> Exercise
Take the lines in the listing below from the line with "A side-by-side comparison" up to and including the line with "Une chambre d’hôtel" and set them down exactly, skipping pictures and adding nothing.

> Data supplied
|---|

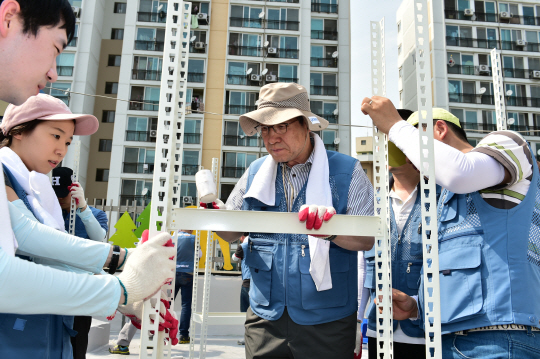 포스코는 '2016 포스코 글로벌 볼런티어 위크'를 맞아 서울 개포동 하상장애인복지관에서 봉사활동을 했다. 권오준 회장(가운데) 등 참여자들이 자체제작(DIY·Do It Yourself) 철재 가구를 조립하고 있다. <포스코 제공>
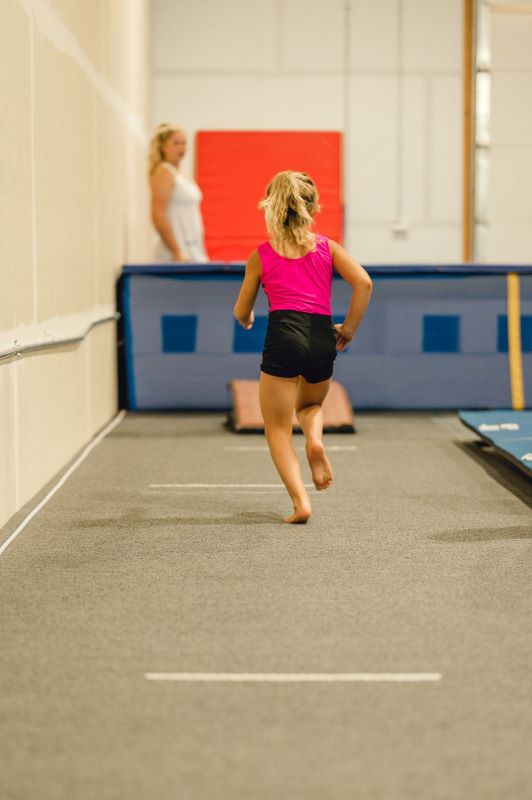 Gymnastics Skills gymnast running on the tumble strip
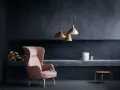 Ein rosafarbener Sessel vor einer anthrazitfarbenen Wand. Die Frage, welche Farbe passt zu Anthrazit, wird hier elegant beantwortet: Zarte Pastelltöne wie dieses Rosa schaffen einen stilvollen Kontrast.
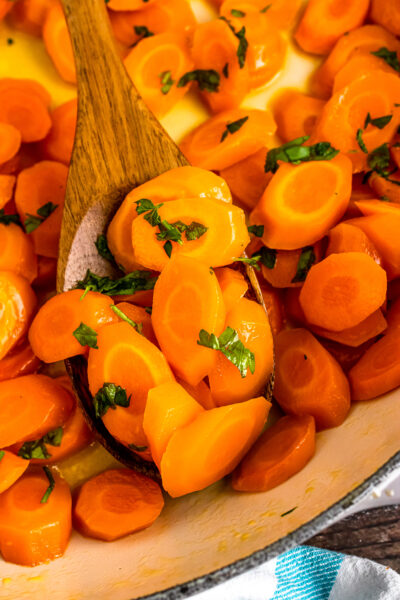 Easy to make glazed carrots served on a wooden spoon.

|---|

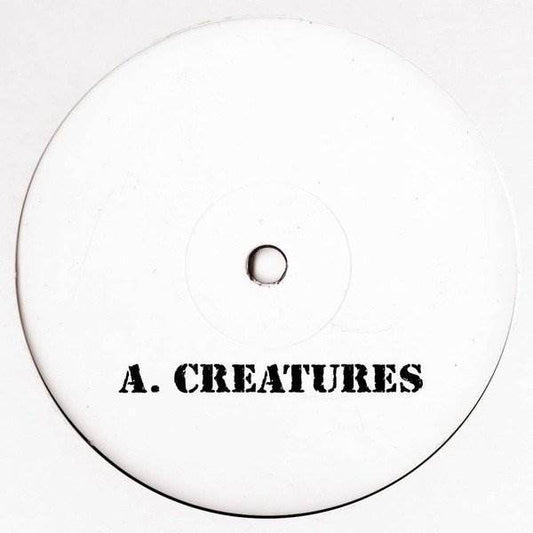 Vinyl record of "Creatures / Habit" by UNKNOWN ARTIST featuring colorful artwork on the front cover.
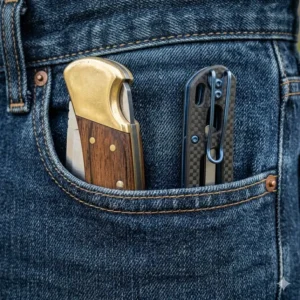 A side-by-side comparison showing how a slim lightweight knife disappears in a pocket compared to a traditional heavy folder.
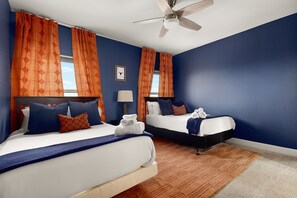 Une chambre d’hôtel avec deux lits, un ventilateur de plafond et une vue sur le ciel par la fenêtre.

|---|

> Result for this exercise
 A side-by-side comparison showing how a slim lightweight knife disappears in a pocket compared to a traditional heavy folder.
 Une chambre d’hôtel avec deux lits, un ventilateur de plafond et une vue sur le ciel par la fenêtre.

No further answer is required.